### RAW DATA
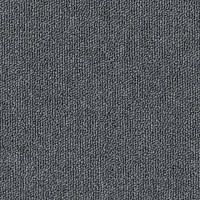 Ковровая плитка Desso Natural Nuances 9640 фото 1 | FLOORDEALER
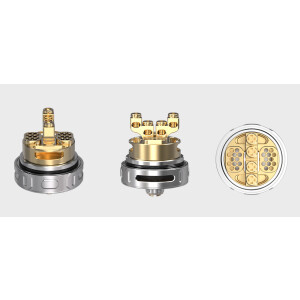 Vandy Vape Kensei 24 RTA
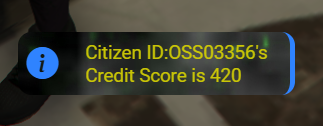 [Paid][ESX/QBCore] The Bank/Loan System of the Future! thumbnail 15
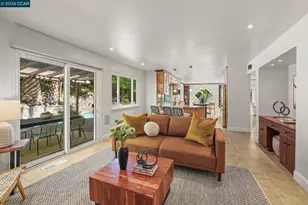 1490 Whiteciff Way, Walnut Creek, CA 94596 - Photo 17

### WORK REQUIRED
Print every line of the listing exactly, please, and leave the images out.

### OUTPUT OF THE TASK
 Ковровая плитка Desso Natural Nuances 9640 фото 1 | FLOORDEALER
 Vandy Vape Kensei 24 RTA
 [Paid][ESX/QBCore] The Bank/Loan System of the Future! thumbnail 15
 1490 Whiteciff Way, Walnut Creek, CA 94596 - Photo 17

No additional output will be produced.